### Data supplied

=====

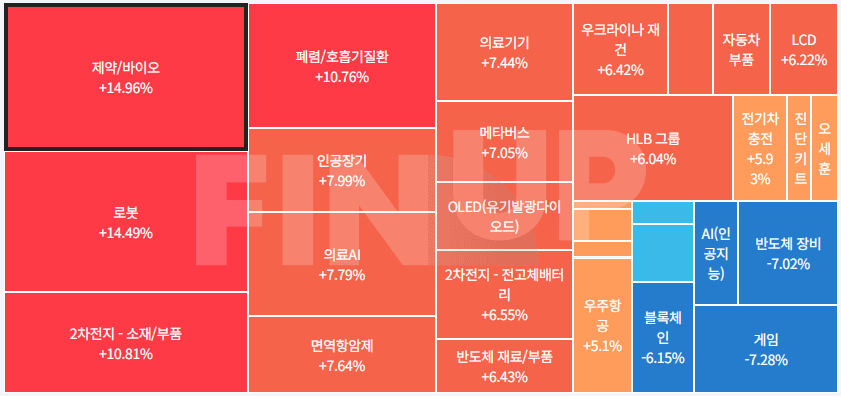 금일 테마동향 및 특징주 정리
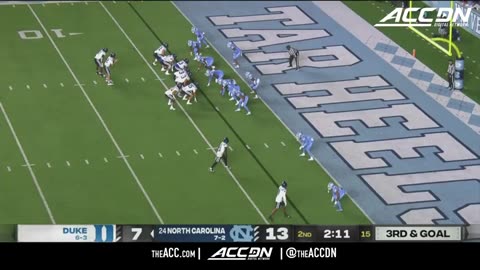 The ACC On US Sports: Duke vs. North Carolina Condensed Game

=====

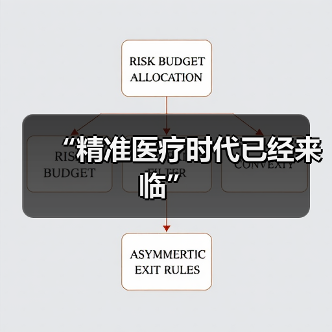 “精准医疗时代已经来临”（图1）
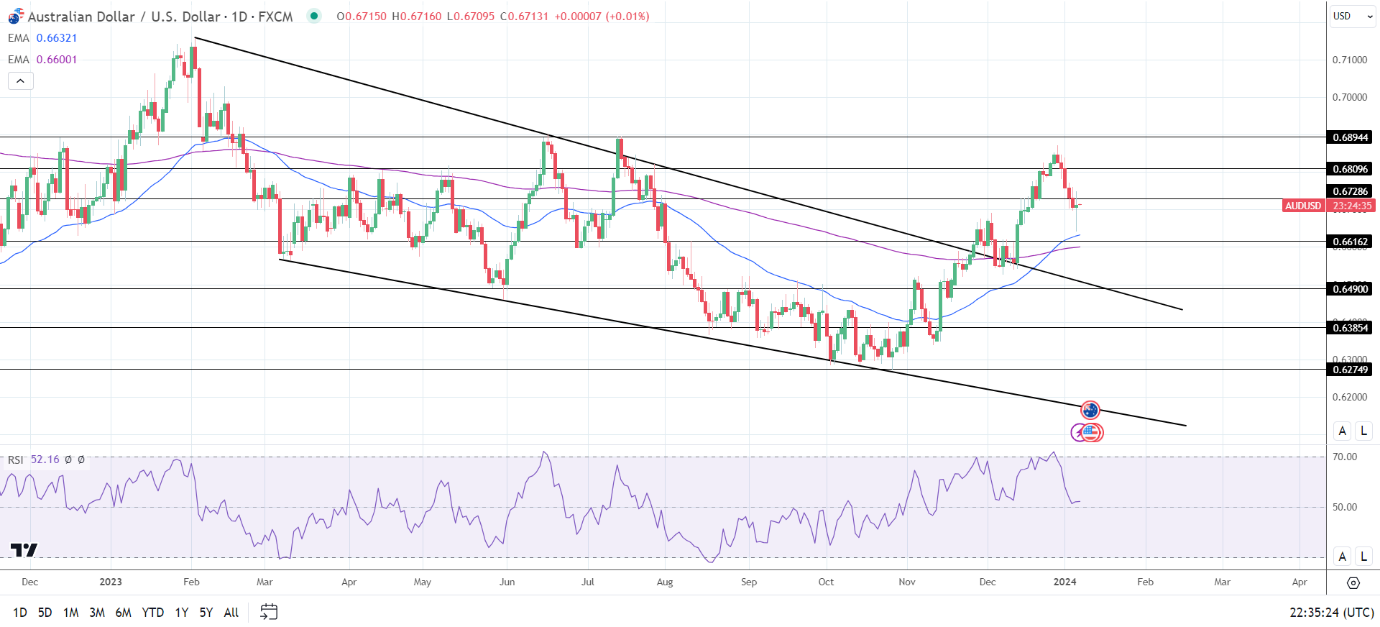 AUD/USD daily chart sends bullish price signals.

=====

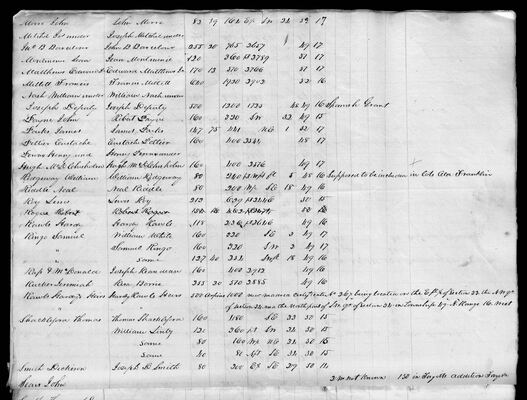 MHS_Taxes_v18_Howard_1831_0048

=====

### Instructions to follow
Within the listing above, print exactly the stretch beginning at the line that contains "금일 테마동향 및 특징주 정리" and finishing at the line that contains "The ACC On US", ends kept, pictures left out, and nothing more.

### Task result
 금일 테마동향 및 특징주 정리
 The ACC On US Sports: Duke vs. North Carolina Condensed Game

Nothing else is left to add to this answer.